While city slickers might view the Vermont countryside as an idyllic escape, Kahan paints it as quicksand in "Homesick." "I got dreams, but I can't make myself believe them / spend the rest of my life with what could have been / and I will die in the house that I grew up in / I'm homesick," he sings. By the time he repeats that last word, the listener understands that Kahan is twisting the standard definition: He's sick of being at home.
But that dissatisfaction is balanced with other emotions, most potently nostalgia, on this album. "All My Love" and "Strawberry Wine" reminisce on loves lost; "Still" captures the difficulty of goodbyes; "Orange Juice" welcomes the return of a newly sober loved one.
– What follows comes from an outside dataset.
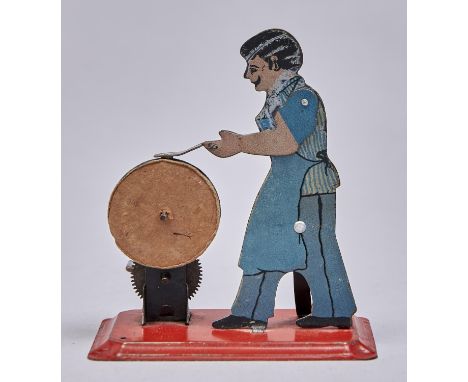 A&nbsp; mechanical lithographed tinplate figural knife grinder toy, c mid 20th c Slight wear to paint, working order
The album's pop-folk sound feels suited for a casual gathering of close friends who've piled their Blundstones at the door.
The most popular song, the one that catapulted the album to debut at No. 14 on the Billboard charts and Kahan to sell out shows at Higher Ground and nearly every other venue on his U.S. tour, is the title track, "Stick Season." With chords simple enough for a novice guitar player (read: me), it was begging to be covered, and the singer-songwriters of TikTok complied, with Kahan enthusiastically replying to and reposting their interpretations.
But the album's paradoxes are best captured on the final track, "The View Between Villages," which describes Kahan driving a familiar rural road and experiencing wild emotional swings. One moment "It's just me and the curve of the valley / And there is meaning on Earth, I am happy." Then the instrumentation intensifies as Kahan's car rolls into town and he's reminded of all the versions of his past that he lived there. Tension rises: "It's all washin' over me, I'm angry again," he sings. Kahan retreats back onto the road, seeking the peace he had felt. It's a love song, if a brutally honest one. For some, "home" will always be a loaded word.
Stick Season is available on all major streaming services.